My Success Makes Up for All of My Mistakes

So I haven't updated in a while. My bad. I won't make any excuses. No I wasn't really busy this week, no I didn't get caught up at work and my laptop wasn't broken so just deal with it. I'm really just dealing with extreme laziness.

My sink is full of dishes, I haven't cleaned my room in over a week, the trash is over flowing and I have three books to read by Tuesday, but I just don't care right now. I'm lacking motivation and initiative.

I've been completely disheartened by the future, and I suppose I'm hoping my sloth will make the clock tick slower. I look ahead whether it's to break, next quarter or after graduation, and I can't help but think it's all a waste of time.

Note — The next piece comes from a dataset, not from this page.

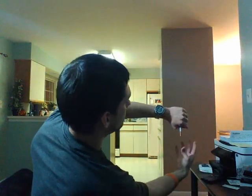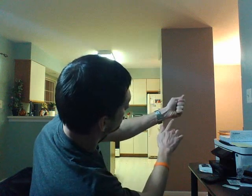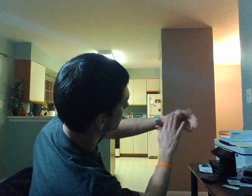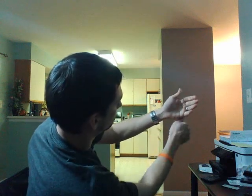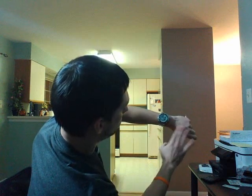My cigarette. My hands. If I do this right... it's gone. And there it is.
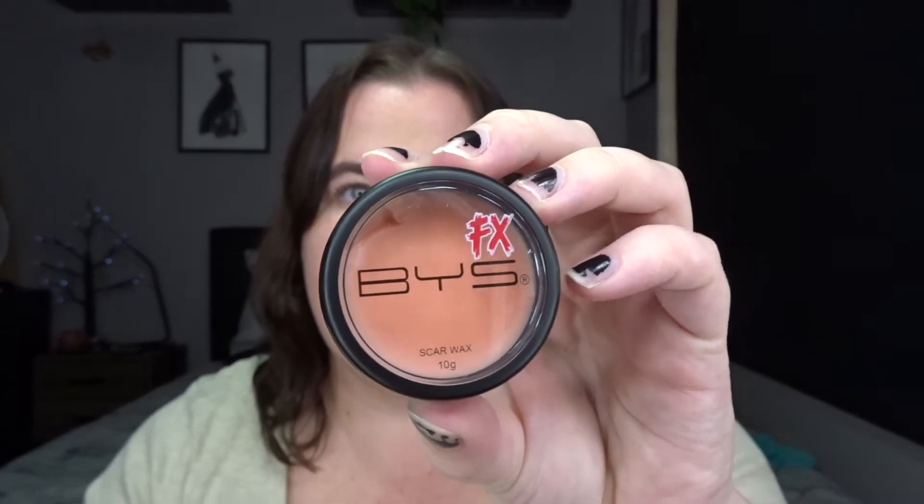Today we're going to be using scar wax. I have a little one here from the BYS FX brand, which I picked up from Spotlight. Scar wax can be quite expensive if you're just playing around, but you can make it — all it is is Vaseline and flour mixed together. You can also add foundation to match your skin color. I've got foundation in Vaseline at the moment using a Kohl's brand petroleum jelly, just need to add a little more flour and mix it all up.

I party my way through the weekend and study my way through the week, but for what? Once I get this degree, no one is going to care that I've been on the dean's list, that I have a 3.4 GPA or that I aced my history midterm.

I've always been an advocate of "knowledge for the sake of knowledge," but anymore I just don't know. I'm happy I know things and that I can sit down with my less educated counterparts and realize that, but is it really going to get me anywhere? What does it matter that I know the history of almost every major war in recent history if no one cares? Or that I know according to the Associated Press, you should spell advisor with an "er" not an "or" even though no one spells it that way except journalists.

The thing is, I don't know, and I really don't think anyone does.
I heard someone slightly famous say this today: "My success makes up for all of my mistakes." I thought it was inspiring at first; then I was depressed. What if I'm not successful enough to make up for all of my mistakes?